EVEN as multiple States opt for the lockdown mode to contain rising coronavirus cases in what is being termed as the second wave of the pandemic, a ray of hope is on the horizon with the positive results from clinical trials of COVID-19 vaccines. After Pfizer and Moderna claimed almost 95 per cent success in their vaccine trials, another major player in the business, Oxford AstraZeneca, has said its vaccine has shown efficacy of around 90 per cent in interim analysis of clinical trials.
This is a timely cheer for all the affected countries in their fight against the tiny virus that has held the world to ransom for last eight months. Oxford AstraZeneca’s AZD1222 vaccine has showed an average efficacy of 70 per cent in a combined analysis of two doses. The first half dose gave results of 90 per cent while the second full dose administered a month apart showed 62 per cent efficacy. The significant part of the combined analysis is that a combination of a lower dose and a higher dose actually brought about a higher efficacy. This is a good news for countries like India with large population as more people can be vaccinated using the same limited supply. With three potential vaccines about to enter the market the focus shifts on their availability, pricing and related facilities needed for storage.
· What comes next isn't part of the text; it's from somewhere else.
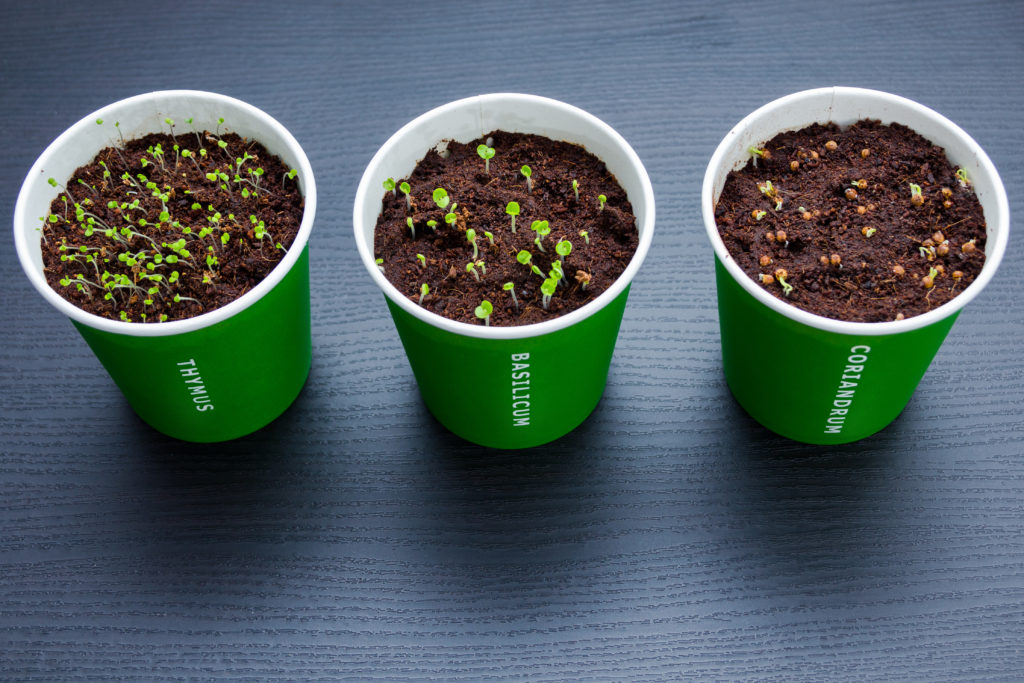 Small pots with thyme basil and coriander seedlings just sprouted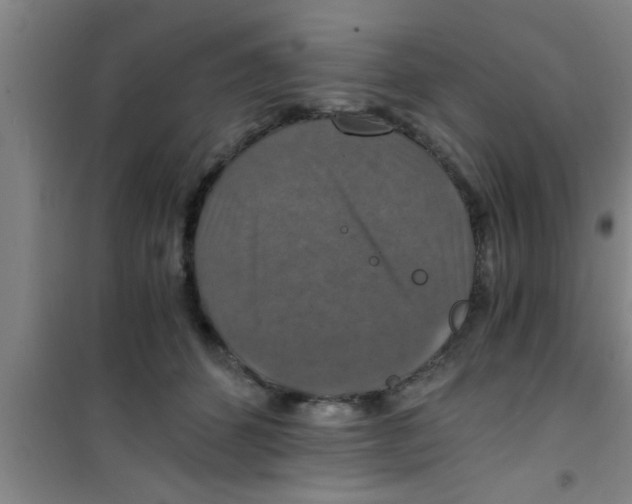 X0000100400512200807032017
The Oxford AstraZeneca vaccine holds big promise for India for its cost effectiveness as well as easy storage requirements. The one made by Pfizer needs to be kept in minus 70 degrees Celsius, which is colder than winter in Antarctica. Moderna’s vaccine needs to be frozen too at minus 20 Celsius. However, the Oxford vaccine can be stored, transported and handled at normal refrigerated conditions of 2 to 8 degrees Celsius for at least six months. Moreover, it can be administered in existing healthcare setting available in India. The vaccines now need to be registered in Emergency Use Listing from the World Health Organisation as the coronavirus situation threatens to spiral out of hand in the winter months. Sudden surge in positive cases in various States which had registered considerable drop in patients in the last two months has necessitated the need for early use of a potent vaccine. To its good fortune, India is sitting at a comfortable level as far as coronavirus vaccine is concerned.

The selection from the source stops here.